◆ What you will do: When copying the records below, keep every word as it is and drop the images.

[Scraped caption text data]
—————

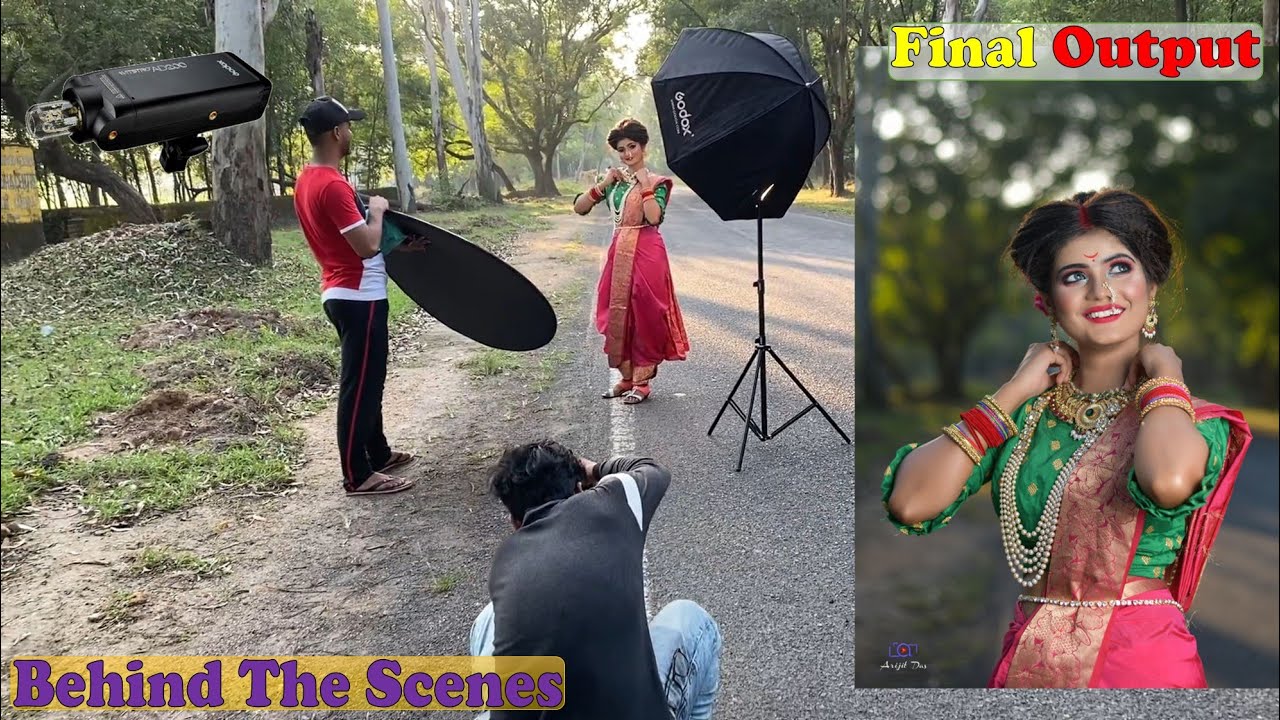 Marathi Bride poses II Outdoor photoshoot II Behind the scenes II with GodoxAd200pro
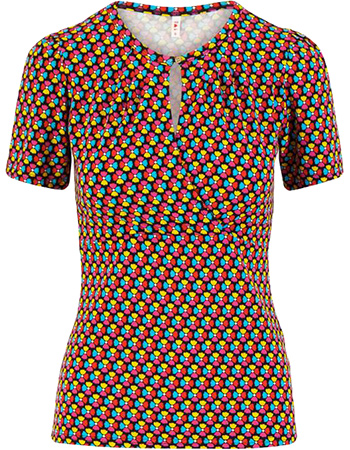 T&#8209;shirt Criss Cross Coeur Fleurs Dansantes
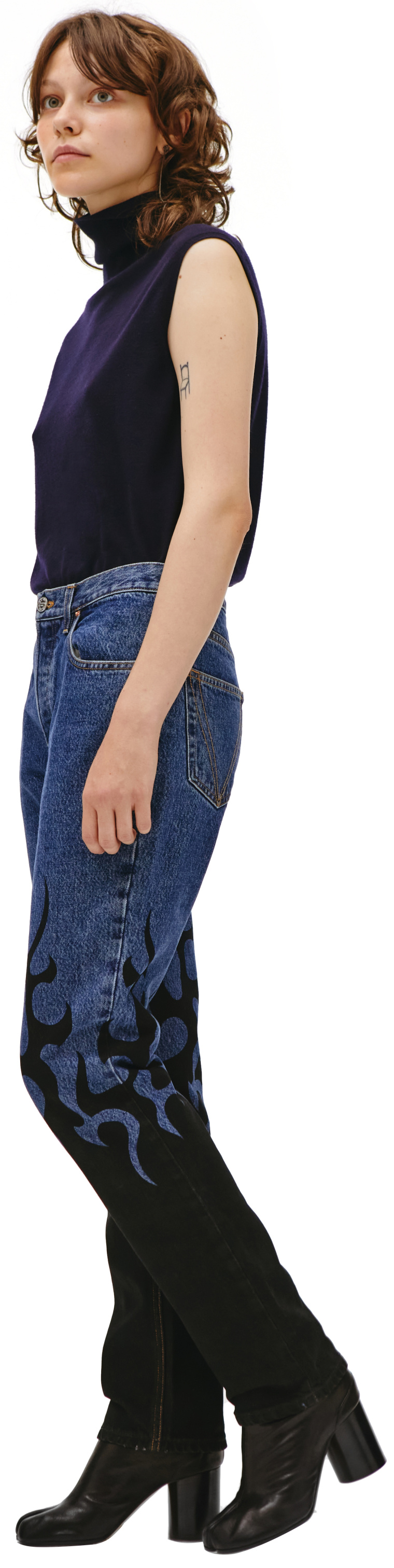 VETEMENTS Джинсы прямого кроя с пламенем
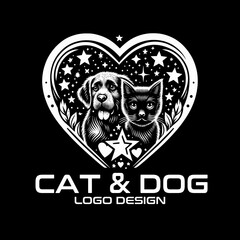 Cat And Dog Vector Logo Design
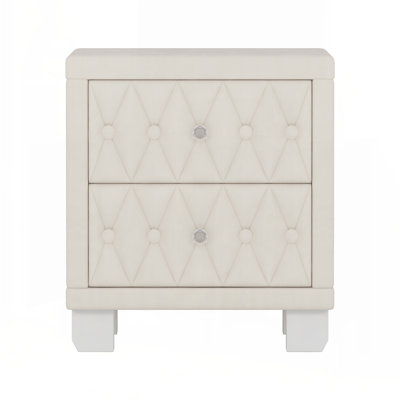 Elegant Velvet Nightstand with 2 Drawers and Crystal Handle, Storage Bedside Table with Button-Tufted, Beige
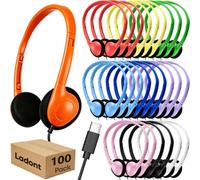 Ladont Class Set Headphones Type-C (50 Pack), Durable Kids Wired Headphones for Chromebook & Laptop, Bulk School Headphones for Students Teens Boys Girls, Wholesale USB C Headset with Mixed Colors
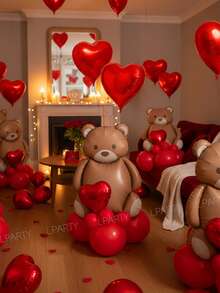 12件套情人节派对装饰，巨型哑光棕熊铝箔气球（18英寸），10英寸和18英寸红色心形气球，10英寸红色乳胶气球，适用于求婚、订婚、周年纪念、情人节家居装饰，营造浪漫氛围 - 彩色 - 查看 7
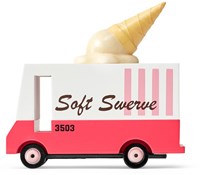 Candylab coche de juguete de madera - Ice Cream Van rosa blanco - autobús vintage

—————

◆ Answer space:
 Marathi Bride poses II Outdoor photoshoot II Behind the scenes II with GodoxAd200pro
 T&#8209;shirt Criss Cross Coeur Fleurs Dansantes
 VETEMENTS Джинсы прямого кроя с пламенем
 Cat And Dog Vector Logo Design
 Elegant Velvet Nightstand with 2 Drawers and Crystal Handle, Storage Bedside Table with Button-Tufted, Beige
 Ladont Class Set Headphones Type-C (50 Pack), Durable Kids Wired Headphones for Chromebook & Laptop, Bulk School Headphones for Students Teens Boys Girls, Wholesale USB C Headset with Mixed Colors
 12件套情人节派对装饰，巨型哑光棕熊铝箔气球（18英寸），10英寸和18英寸红色心形气球，10英寸红色乳胶气球，适用于求婚、订婚、周年纪念、情人节家居装饰，营造浪漫氛围 - 彩色 - 查看 7
 Candylab coche de juguete de madera - Ice Cream Van rosa blanco - autobús vintage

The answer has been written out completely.